The knee is a different type of joint and one that is hinged. The use of the latest advancements in polyethylene are presently being used in some knee replacement surgeries, but it is still in the state of transition since what works in the ball and joint socket of the hip wears differently in the knee. Ceramic has been one of the main materials used in knee replacement procedures in order to use less metal in their construction. The trouble is that it has to be cemented in place. Having moveable parts helps to reduce the amount of wear on each of the knee components. Right now metal on metal components are being studied and it is certain that more changes are coming in the near future.

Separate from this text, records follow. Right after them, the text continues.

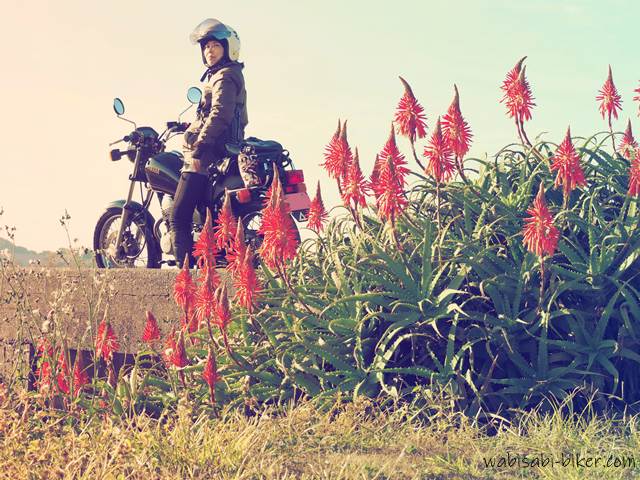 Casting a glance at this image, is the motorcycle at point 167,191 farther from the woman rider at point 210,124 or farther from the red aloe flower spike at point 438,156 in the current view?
the red aloe flower spike at point 438,156

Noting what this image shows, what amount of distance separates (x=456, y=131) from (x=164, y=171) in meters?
4.78

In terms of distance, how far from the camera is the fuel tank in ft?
31.1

Shoulder Replacement Advancements

The shoulder is a completely different type of joint replacement procedure as it is a joint that does not have to bear any weight. Even though the shoulder joint is similar to a ball and socket, it does have more sliding action that what the hip has. The wear and tear of the shoulder comes from activity rather than weight bearing. The latest advancements in shoulder replacements include using metal components on plastic components. The improved quality of polyethylene helps to improve the mobility of this joint as well as ensuring the replacement surgery is long lasting. Presently there are many newly discovered design changes which are helping to decrease bone loss due to surgical procedures, increase the stability of the shoulder post surgery and helps to extend the wear and tear of the various components which make up the shoulder replacement joint.

What do these changes mean?

Over the last few years the latest advancements in both materials and techniques has helped to improve the success rate of the different surgeries. Presently, joint replacement surgeries are successful over 90% of the time. They are also slowly increasing how long the new joint lasts and it is expected that with the latest advancements this is only going to improve.